Summary: As companies try to extract value using service-oriented architectures, service orchestration—the ability to compose new business services by building on existing ones—will emerge as the major barrier to success. One reason for this is that tackling service orchestration using traditional programming and design techniques does not solve the problem of complexity. Goal-directed orchestration is an emerging way to build processes in a loosely coupled manner without having to hard-code every possible execution or exception path. Goal-directed orchestration (GDO) relies on a set of goals, plans, and rules to design complex processes. It is the ultimate in loosely coupled process modeling. The aim of this paper is to propose an architecture that shows how to model processes using goals, plans, and rules. The proposed architecture provides an agent-based solution in which a goal-directed BDI (Belief Desire Intention )agent enables the service provider s to automatically create, deploy and maintain the required services with reduced time-to-market and total-cost-of ownership. It allows business and IT to speak the same language and dramatically reduce the effort needed to model, understand, and implement complex processes.

Contents

Introduction
Services Orchestration Challenges
Problem Definition
Goal-based AI Technologies
Proposed Architecture
Case Study Loan e-Market Application
Conclusions
References

Introduction

Traditional applications are designed with the idea that customers will buy most, if not all, of their applications from single vendor. However, Fortune 2000 end user companies do not purchase most or all of their applications from a single vendor. Research indicates that these firms tend to purchase a mixture of back-office applications from multiple vendors and then worry about application integration afterward. Most of the companies have been attempting to solve their application integration problems using traditional approaches: enterprise application integration (EAI) and portal technology. These are effective in creating a single point of access or view of the applications and data sources across the enterprise, but they do not provide application integration at the business process level. Service-oriented architecture (SOA) is an architectural approach that thrives on turning enterprise computer assets into well-defined services. It provides process integration through the use of services. Composition and integration of old and new business components into new real-time applications is a natural fit with SOA environments.
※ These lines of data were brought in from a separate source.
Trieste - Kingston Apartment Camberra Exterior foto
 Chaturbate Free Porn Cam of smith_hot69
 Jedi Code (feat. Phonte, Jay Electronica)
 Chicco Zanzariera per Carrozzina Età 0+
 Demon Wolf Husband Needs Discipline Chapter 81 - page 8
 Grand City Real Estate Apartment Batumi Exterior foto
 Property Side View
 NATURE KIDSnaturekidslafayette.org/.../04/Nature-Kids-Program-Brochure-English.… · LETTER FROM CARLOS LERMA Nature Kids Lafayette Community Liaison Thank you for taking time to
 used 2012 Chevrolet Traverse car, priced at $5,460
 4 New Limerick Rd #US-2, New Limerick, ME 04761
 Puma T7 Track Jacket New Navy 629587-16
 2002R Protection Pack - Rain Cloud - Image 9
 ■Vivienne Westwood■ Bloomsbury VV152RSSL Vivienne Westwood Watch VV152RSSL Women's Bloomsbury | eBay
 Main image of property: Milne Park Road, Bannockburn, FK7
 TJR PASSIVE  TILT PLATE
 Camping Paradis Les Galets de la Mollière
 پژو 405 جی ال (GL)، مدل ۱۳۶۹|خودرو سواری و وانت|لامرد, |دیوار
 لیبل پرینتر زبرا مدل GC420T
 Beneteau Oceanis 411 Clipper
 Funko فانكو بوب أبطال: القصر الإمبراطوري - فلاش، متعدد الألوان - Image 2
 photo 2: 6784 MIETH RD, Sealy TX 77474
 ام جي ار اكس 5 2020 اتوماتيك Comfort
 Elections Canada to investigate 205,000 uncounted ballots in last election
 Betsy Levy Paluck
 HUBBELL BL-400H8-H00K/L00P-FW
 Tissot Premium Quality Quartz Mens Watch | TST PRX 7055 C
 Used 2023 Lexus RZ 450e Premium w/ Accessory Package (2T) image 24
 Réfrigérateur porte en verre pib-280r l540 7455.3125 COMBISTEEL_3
Most businesses adopting SOA have focused on building standardized services interfaces to existing components and exposing more granular functionality from existing applications. This provides a large base of business services that can be reused across the enterprise and potentially by suppliers and partners. But such a library of interoperable business services is of limited value unless one can orchestrate them to deliver new business functionality and services ­the whole value proposition for SOA rests on its ability to rapidly create composite services to meet changing business needs. Therefore, service orchestration [1][2]—the method by which new functionality and composite services are built from existing ones—is key to any SOA initiative. This paper discusses the various challenges faced in orchestrating the services; it also identifies a challenge that is under research, which is defined as a problem, and a goal-directed approach to solve it. Various goal-based artificial intelligence (AI) technologies are surveyed and analyzed. This paper elaborates on the proposed architecture, along with a loan e-market application as a case study. Finally, the paper concludes with the characteristics of the goal-directed approach and the work to be done.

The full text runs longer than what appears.